- **Aim of the exercise**: Return all the entries word for word, minus the pictures.

- **Source data**:
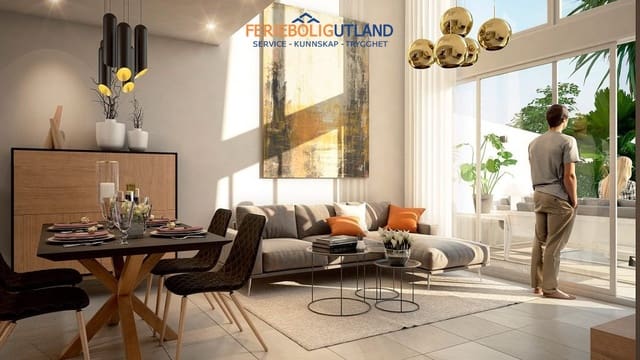 Pareado de 3 habitaciones en Algorfa en venta con piscina - 495.000 € (Ref: 10006925)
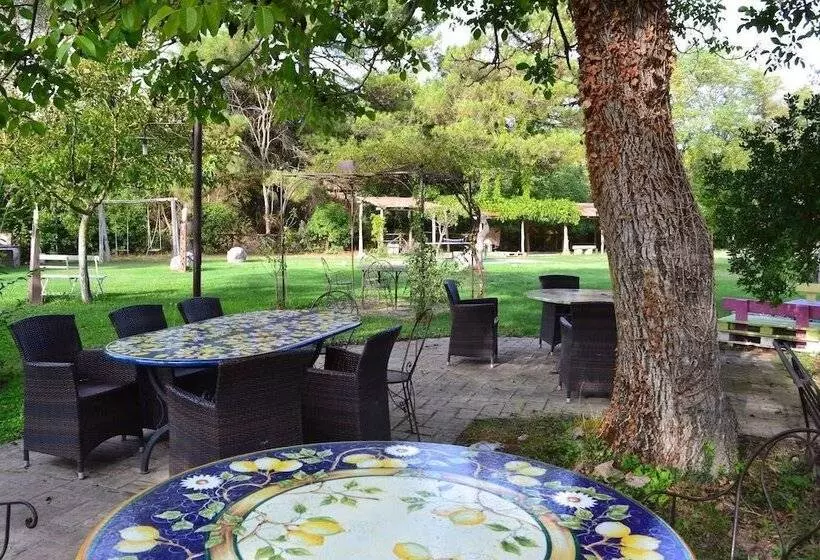 田舎風ホテル Agriturismo Borgo Santa Maria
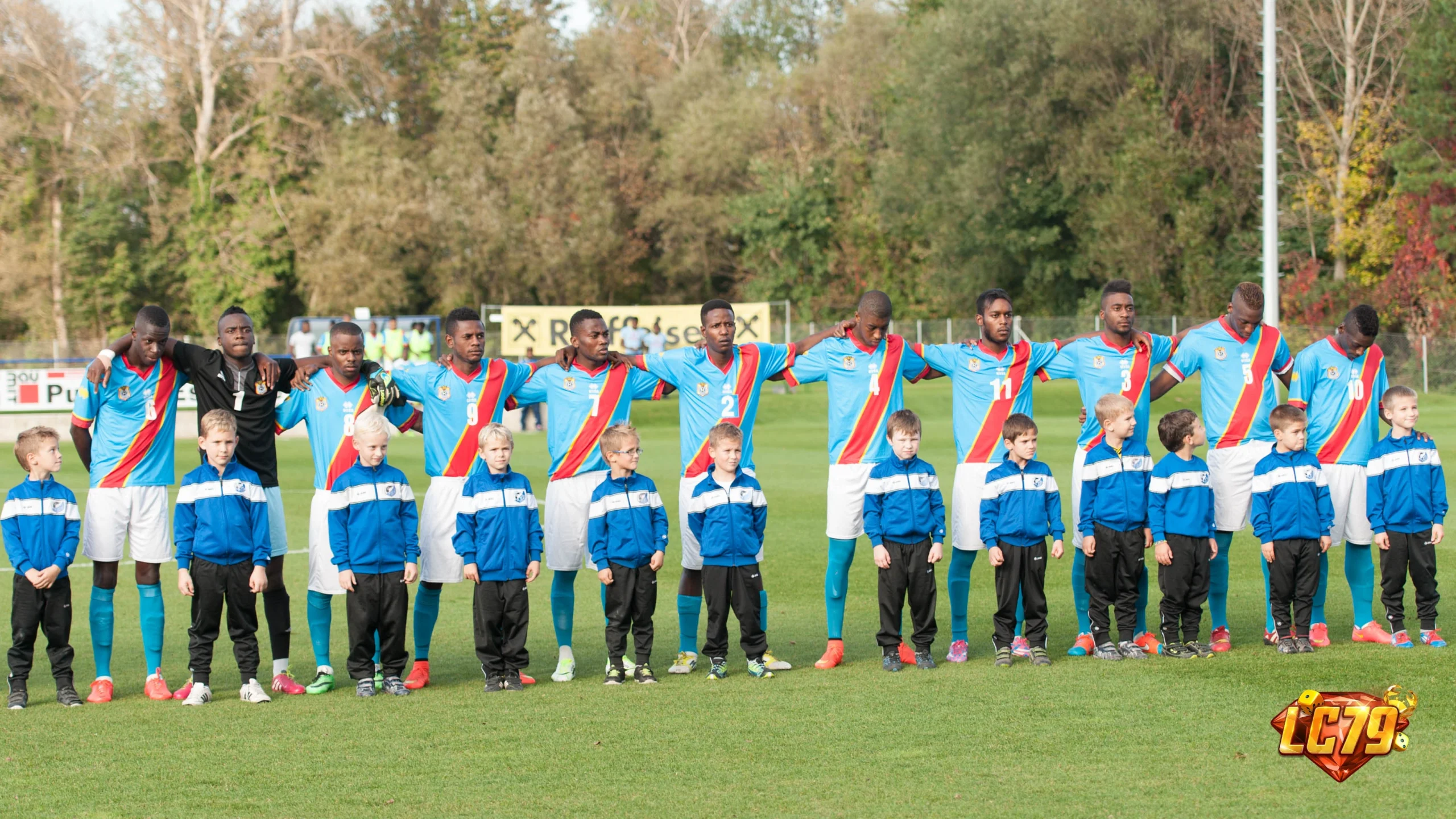 Đội trẻ DR Congo
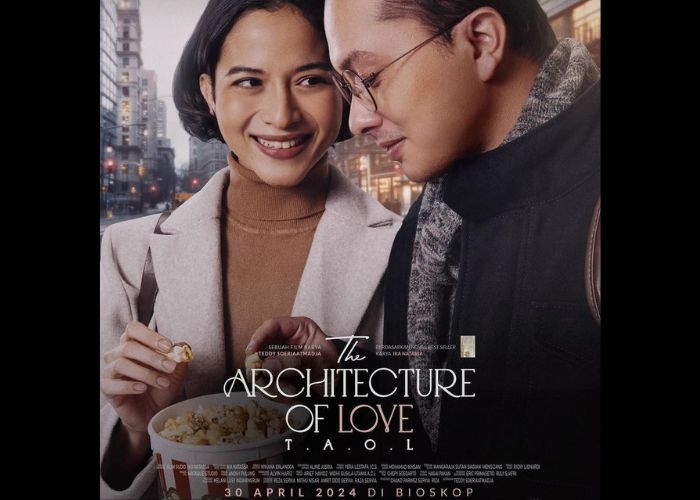 Sinopsis Film The Architecture Of Love, serta Jadwal Tayang Perdana di Bioskop Indonesia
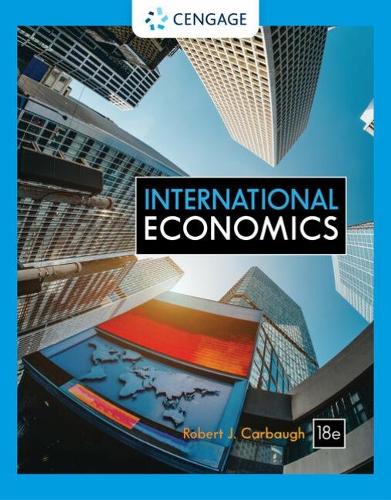 Бумажная книга «International Economics», автор Роберт Карбо - фото №1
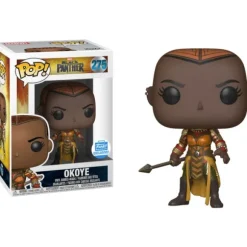 Marvel Black Panther Okoye Funko Pop! Vinyl Figure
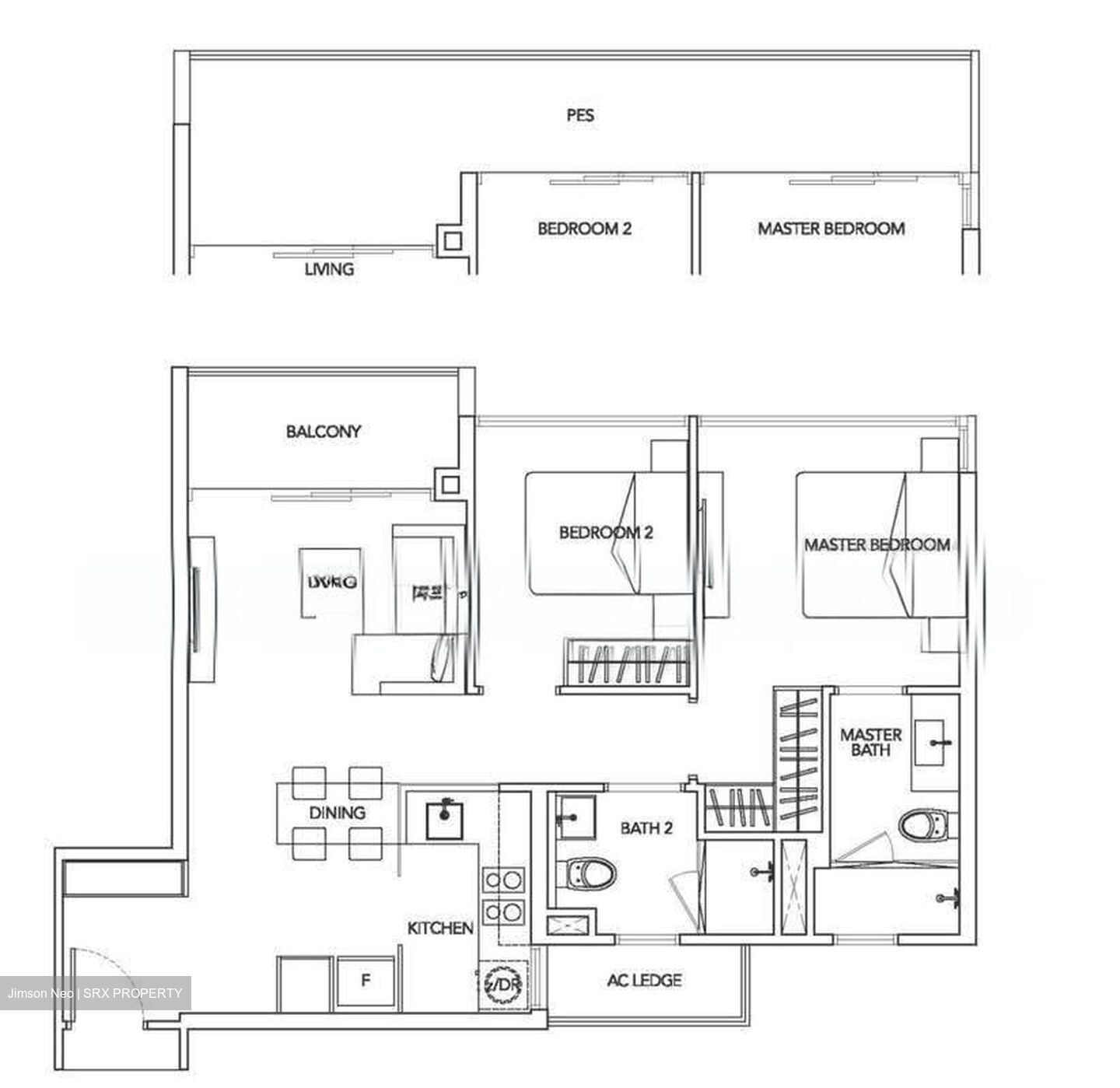 Palm Isles (D17), Condominium #635079321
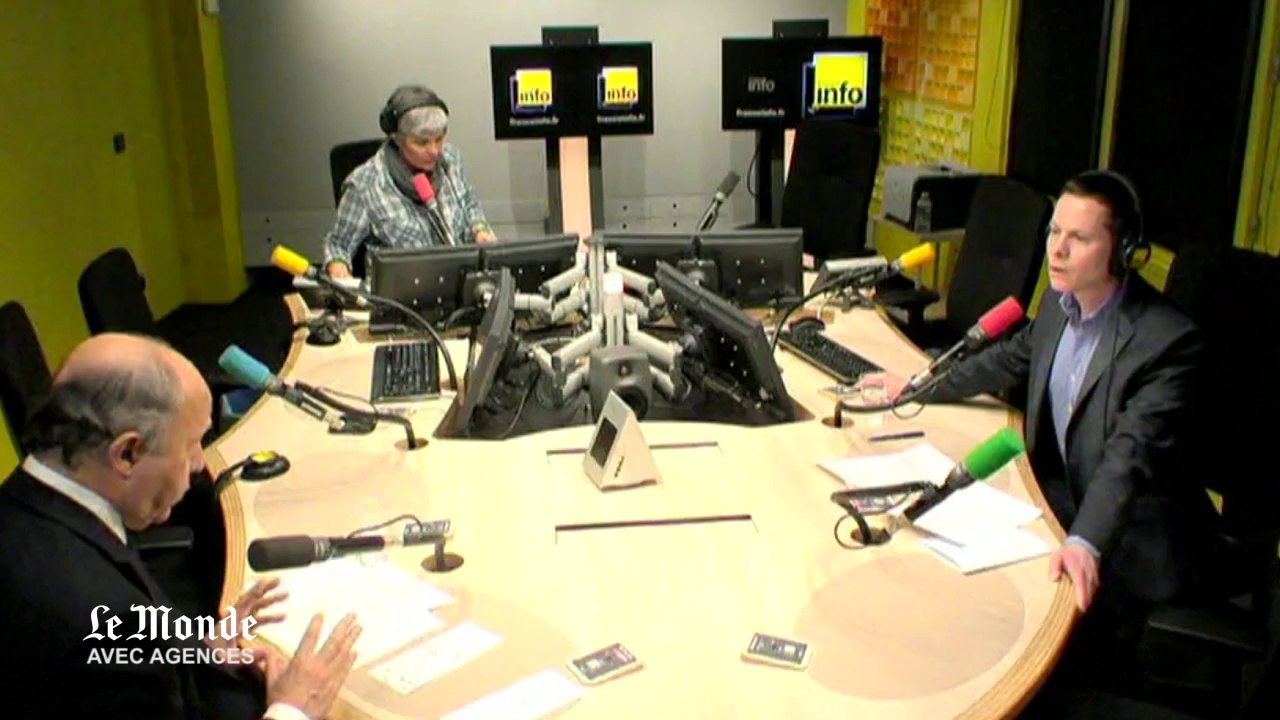 Crise ukrainienne : Fabius évoque de nouvelles sanctions contre la Russie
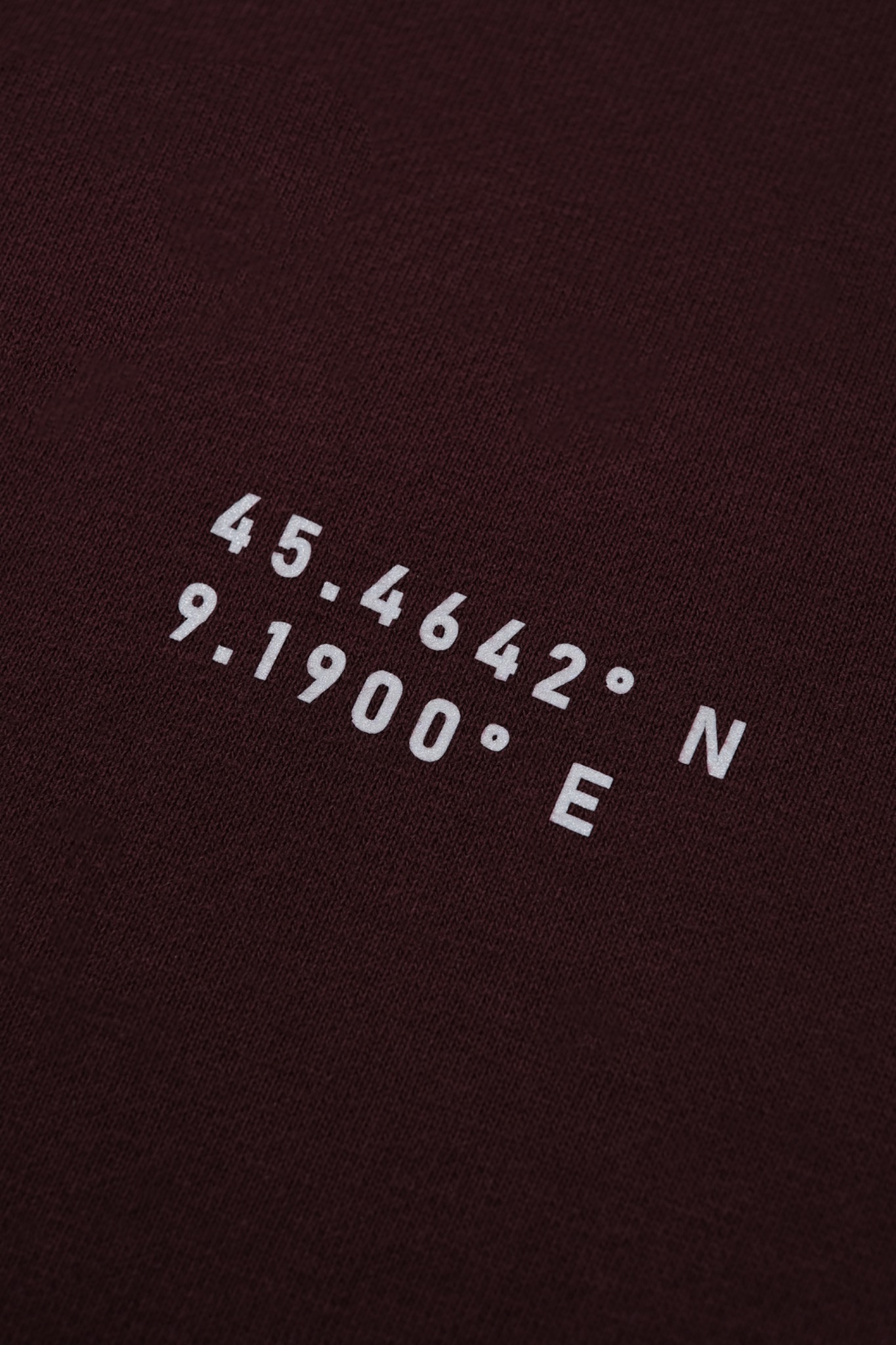 Arkline Collage Milan Sweatshirt Maroon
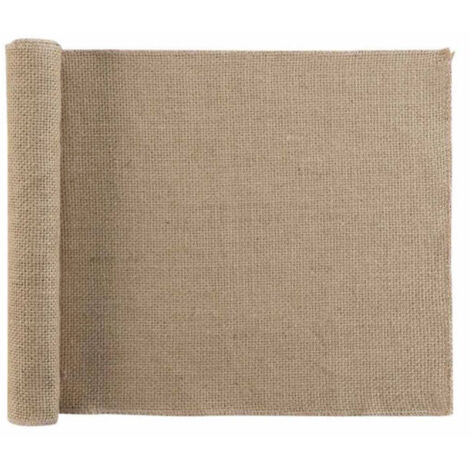 Chemin de Table en Jute "Leny" 35x140cm Beige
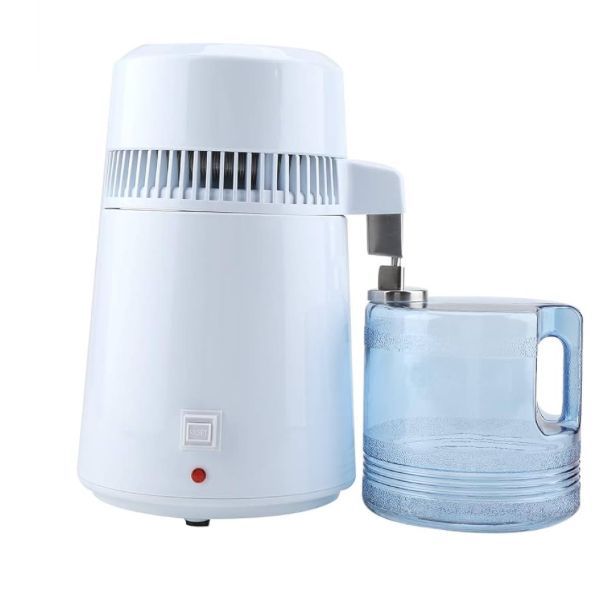 4L Water Distiller - white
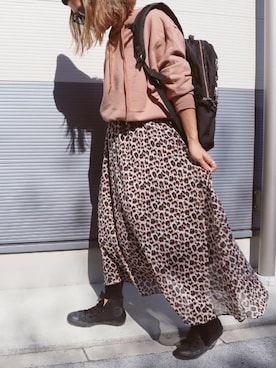 「High Sierra（ハイシエラ）のアイテム」を使った、non0910さん（レディース・158cm）の秋コーディネート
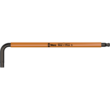 Г-образный ключ WERA, 950 SPKL Multicolour, метрический, 05022610001, 5.0×154мм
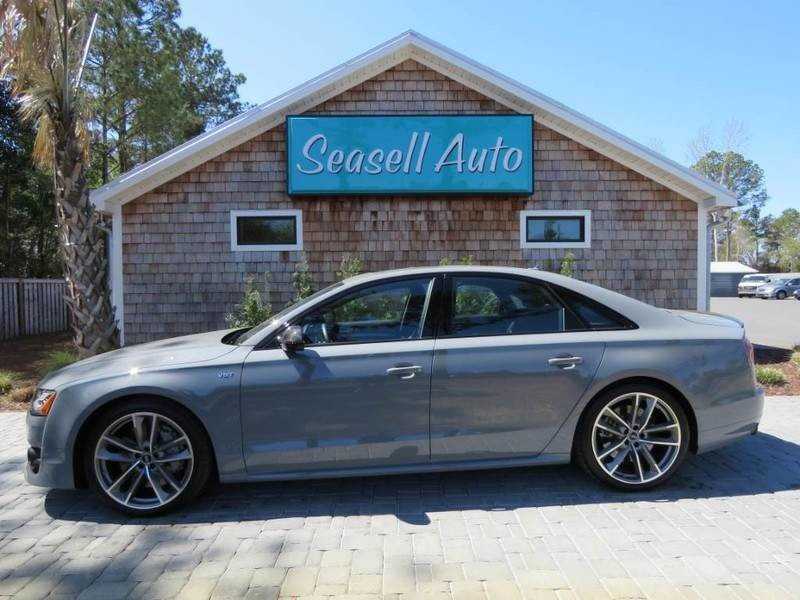 Audi S8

- **Answer box**:
 Pareado de 3 habitaciones en Algorfa en venta con piscina - 495.000 € (Ref: 10006925)
 田舎風ホテル Agriturismo Borgo Santa Maria
 Đội trẻ DR Congo
 Sinopsis Film The Architecture Of Love, serta Jadwal Tayang Perdana di Bioskop Indonesia
 Бумажная книга «International Economics», автор Роберт Карбо - фото №1
 Marvel Black Panther Okoye Funko Pop! Vinyl Figure
 Palm Isles (D17), Condominium #635079321
 Crise ukrainienne : Fabius évoque de nouvelles sanctions contre la Russie
 Arkline Collage Milan Sweatshirt Maroon
 Chemin de Table en Jute "Leny" 35x140cm Beige
 4L Water Distiller - white
 「High Sierra（ハイシエラ）のアイテム」を使った、non0910さん（レディース・158cm）の秋コーディネート
 Г-образный ключ WERA, 950 SPKL Multicolour, метрический, 05022610001, 5.0×154мм
 Audi S8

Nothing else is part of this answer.